Activity> Exactly as they appear, output all of the records. Skip any images.

Records from a data collection:
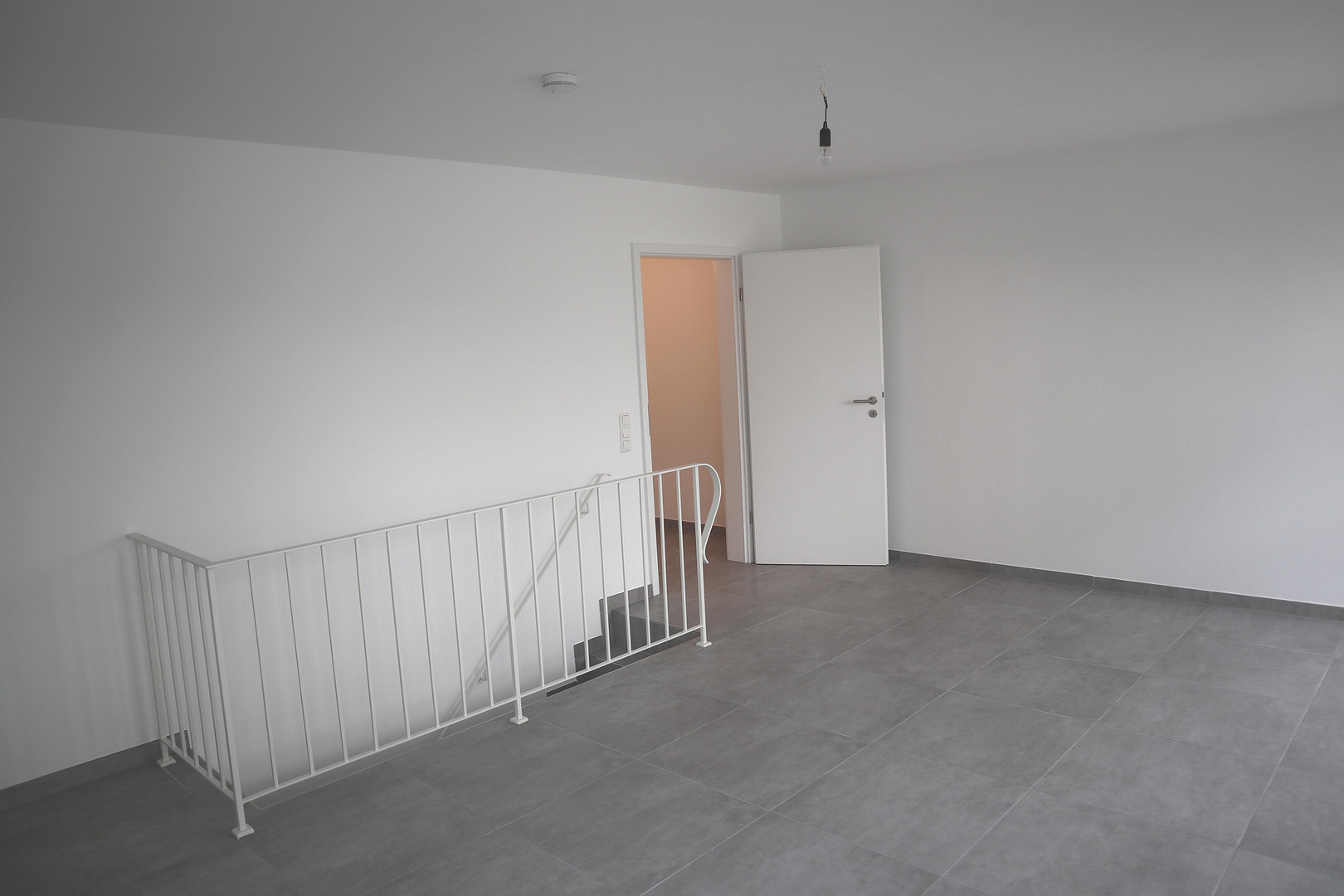 Provisionsfrei inkl. Stellplatz: 3 Zimmer Maisonette Gartenwohnung mit Einbauküche in guter Lage – München(Neuperlach) – Vorschaubild 5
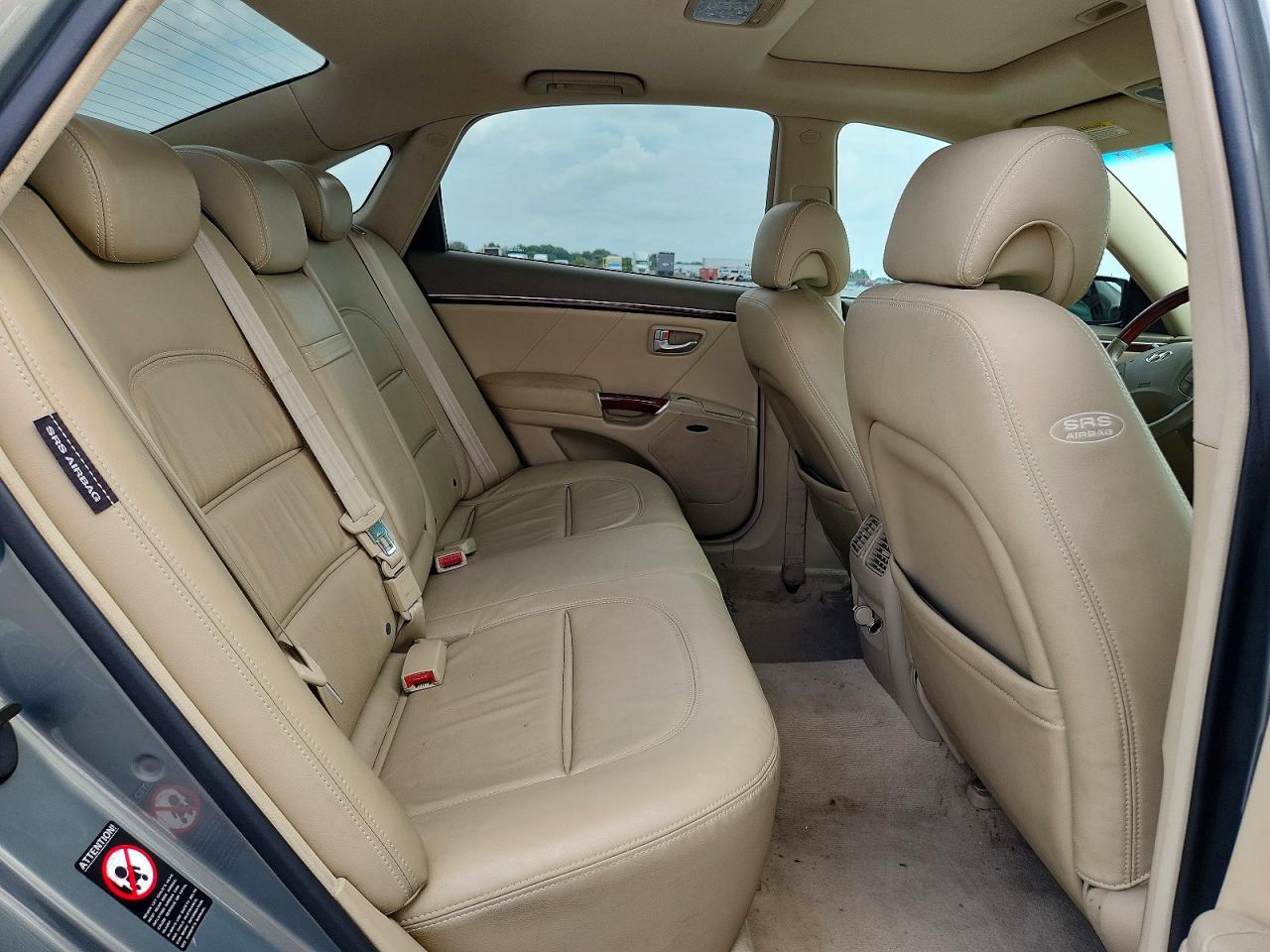Hyundai Azera Se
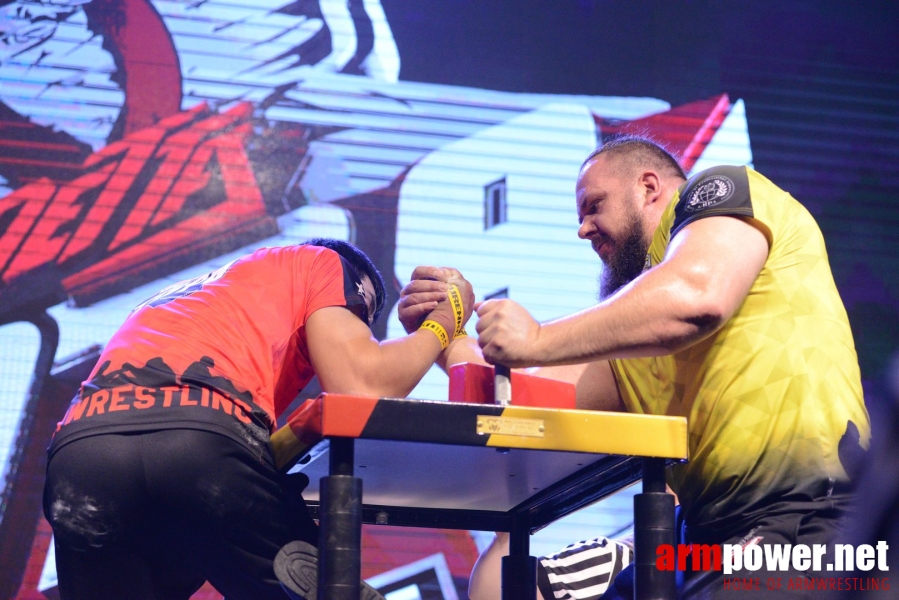 TOP-8 - Round 1 - Malaysia # Armwrestling # Armpower.net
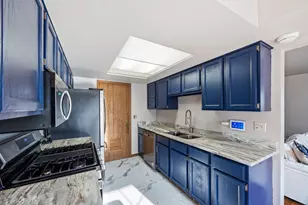 19424 Cypress Dr, Country Club Hills, IL 60478 - Photo 6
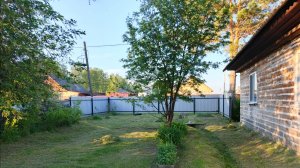 От скошенной травы одна польза и в саду красота и утята довольны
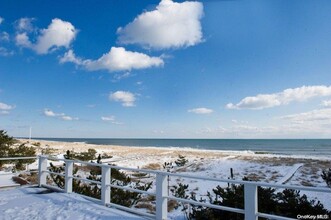 333 Dune Rd in Westhampton Beach, NY - Building Photo - Building Photo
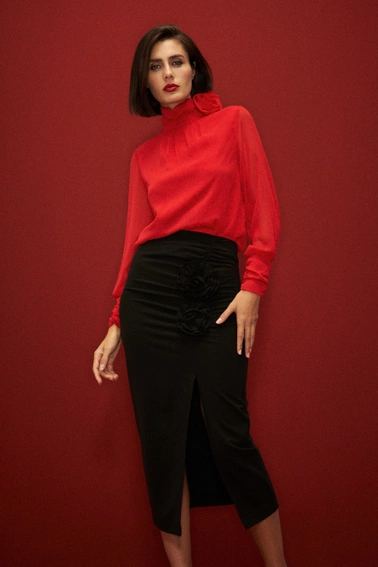 Spódnica z ozdobną różą i rozcięciem czarna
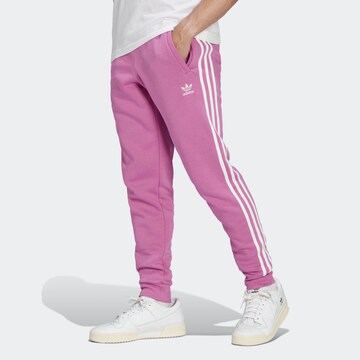 ADIDAS ORIGINALS Tapered Broek in Lila: voorkant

Written answer>
 Provisionsfrei inkl. Stellplatz: 3 Zimmer Maisonette Gartenwohnung mit Einbauküche in guter Lage – München(Neuperlach) – Vorschaubild 5
Hyundai Azera Se
 TOP-8 - Round 1 - Malaysia # Armwrestling # Armpower.net
 19424 Cypress Dr, Country Club Hills, IL 60478 - Photo 6
 От скошенной травы одна польза и в саду красота и утята довольны
 333 Dune Rd in Westhampton Beach, NY - Building Photo - Building Photo
 Spódnica z ozdobną różą i rozcięciem czarna
 ADIDAS ORIGINALS Tapered Broek in Lila: voorkant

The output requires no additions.